Le recenti dichiarazioni mostrano, quindi, una retorica più esplicita. Ciò non significa, però, che dibattiti relativi al possibile coinvolgimento del Giappone in una crisi nello stretto di Taiwan siano stati fino ad ora assenti. Sin dalla normalizzazione dei rapporti con Pechino, opinioni divergenti a riguardo hanno continuato a popolare il panorama politico giapponese. In passato, tali discussioni non sono state necessariamente sotto i riflettori. Data la crescente apprensione nei confronti del comportamento cinese nella regione, sembra però che le posizioni pro-Taiwan stiano avendo la meglio e stiano venendo progressivamente incorporate nella politica estera e di difesa del paese.

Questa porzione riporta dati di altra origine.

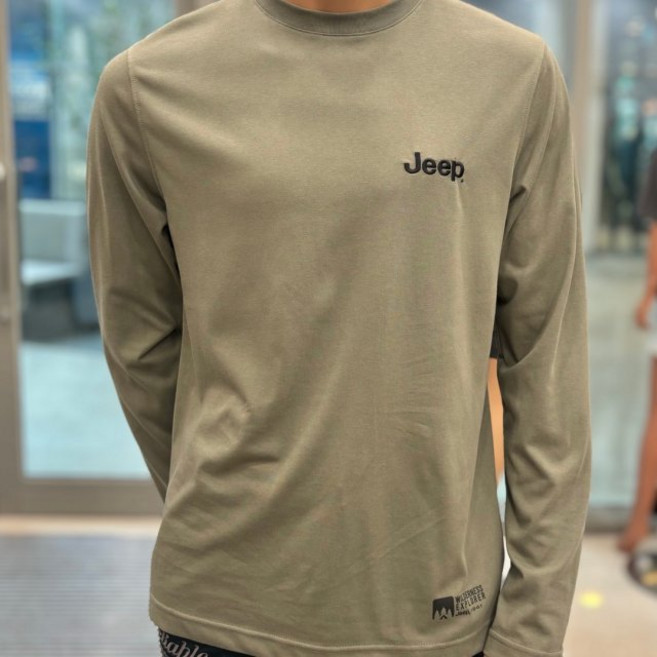 지프 *신상* [NC불광점 30% 할인]﻿﻿ 남여공용 등판에 멋스러운 산프린트 간절기 긴팔티셔츠!!(JP8TSU002)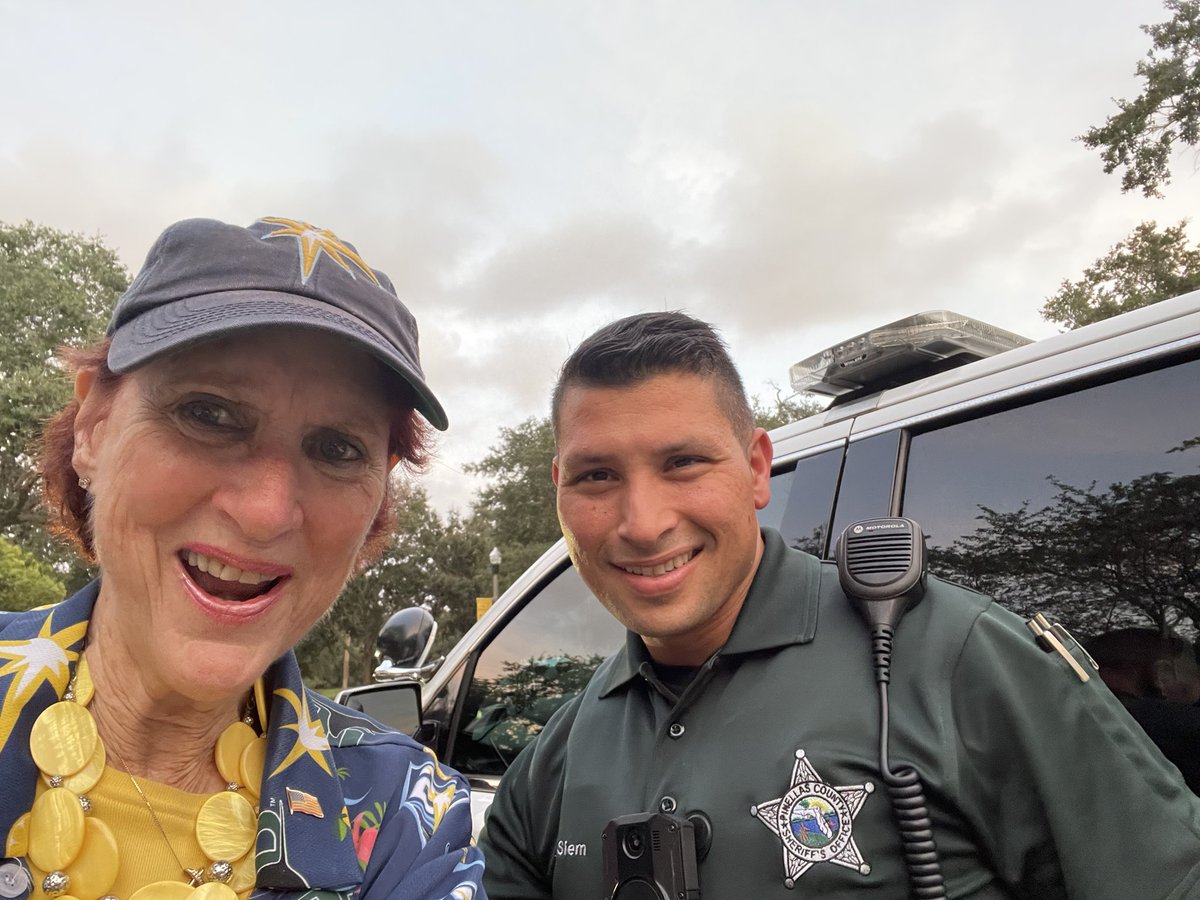 waters_leslie's tweet photo. Seminole Music in the Park, “Nearly Diamond” a Neil Diamond Tribute Band. Great music, great attendance this beautiful evening. 10-8-2021 #waterswave https://t.co/yogoWgGG02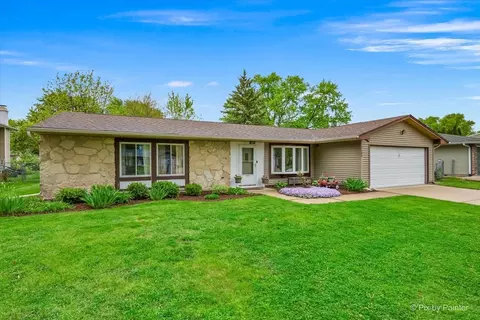 1185 Case Ln, Elgin, IL 60120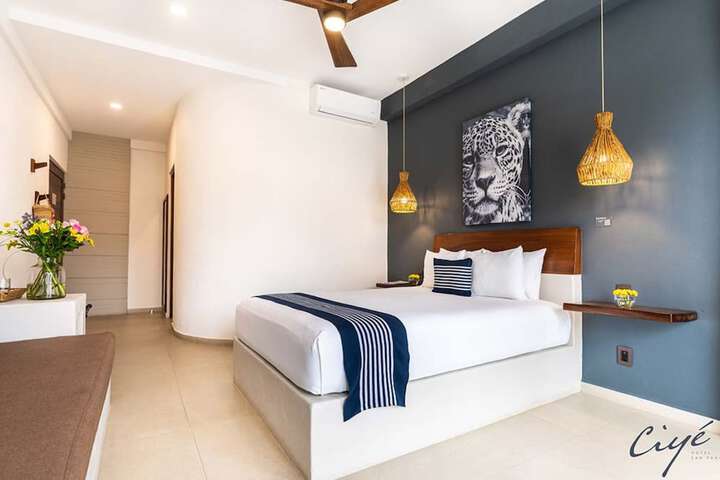 Room 50 of 84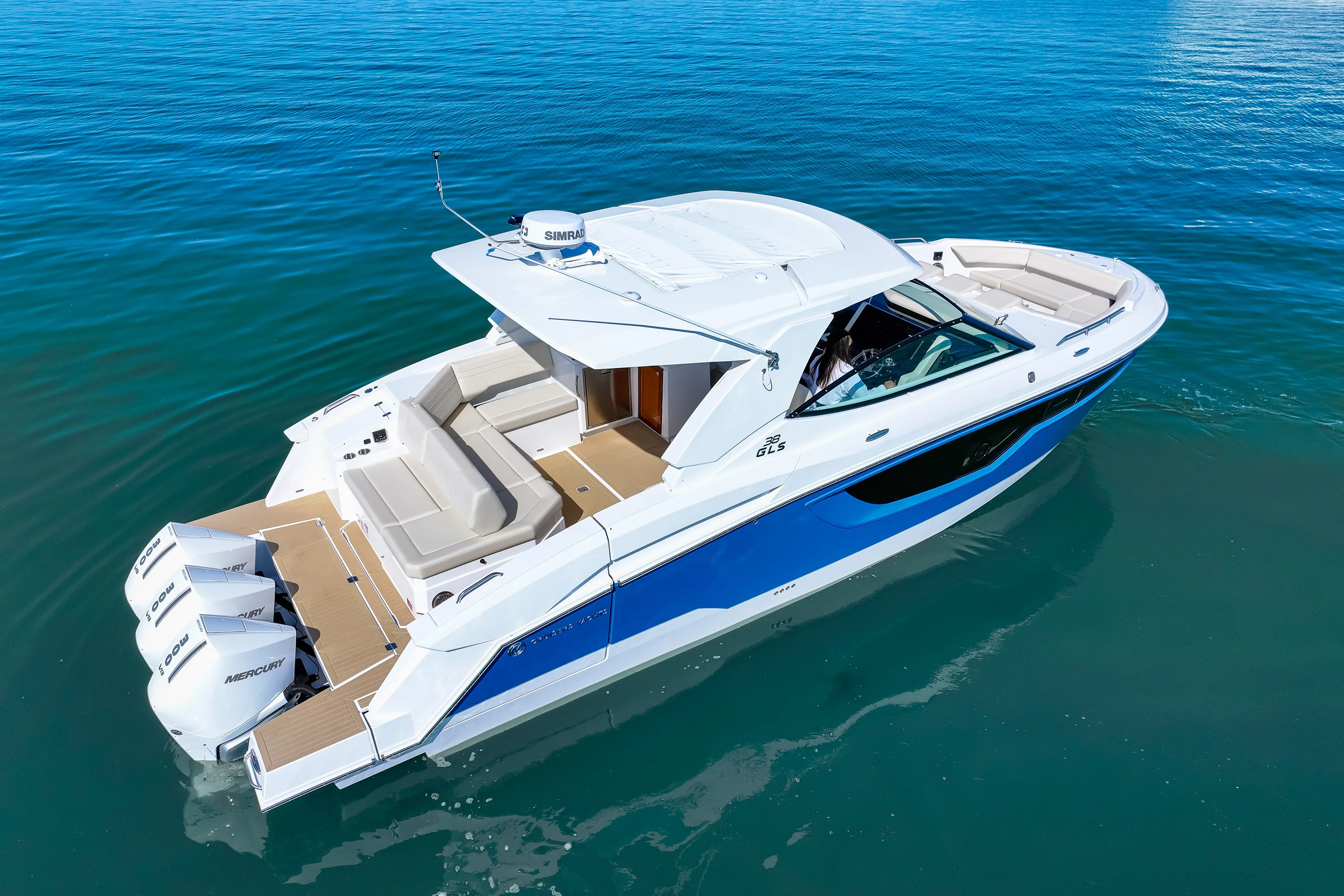 2026 Cruisers Yachts 38 GLS Outboard Image Thumbnail #26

L’importanza di Taiwan per il Giappone
Durante la Guerra Fredda, vista la minaccia sovietica, la strategia di difesa del Giappone si incentrava sui territori più settentrionali del paese, in particolare l’isola di Hokkaido. Con l’emergere della potenza cinese e il riacutizzarsi della diatriba sulle Senkaku, l’attenzione del Giappone si è progressivamente trasferita nella parte meridionale dell’arcipelago, in particolare le isole prossime allo stretto di Miyako, dove Tokyo ha rafforzato, negli ultimi anni, le proprie capacità difensive.
Considerato l’attuale contesto asiatico, l’importanza strategica di Taiwan non sorprende. Una crisi nello stretto di Taiwan viene percepita da Tokyo come una minaccia diretta al territorio nazionale, in particolare alla prefettura di Okinawa, su cui il partito comunista cinese, nel 2013, ha paradossalmente messo in dubbio la sovranità giapponese, ma soprattutto alle isole Senkaku, collocate a soli 170 km da Taiwan e rivendicate da Pechino. Se la Cina dovesse riuscire ad affermare il controllo su Taiwan, la potenza cinese si potrebbe, quindi, trovare in una posizione favorevole ad imporre le sue rivendicazioni sulle isole contese.
Inoltre, un simile scenario potrebbe sconvolgere le operazioni logistiche e di coordinamento del network di alleanze americane nella regione, inclusa quella con il Giappone. Ciò rischia di diminuire l’efficacia delle garanzie di sicurezza derivate dall’alleanza con gli USA. Ancora più critica è la dipendenza di Tokyo dall’accesso alle rotte di navigazione che attraversano le acque attorno a Taiwan. Data la carenza di risorse naturali in loco e la necessità di importare oltre il 90% delle risorse energetiche, il Giappone è particolarmente vulnerabile a qualsiasi interruzione negli approvvigionamenti via mare. Tokyo continua, pertanto, a monitorare con apprensione le attività delle forze cinesi nell’area.
Visti questi presupposti, il Giappone ha tutto da guadagnare dal mantenere lo status quo nello stretto di Taiwan. Il quesito che rimane è, però, fino a che punto il governo di Tokyo sia disposto a spingersi per evitare un cambiamento forzato dello status quo.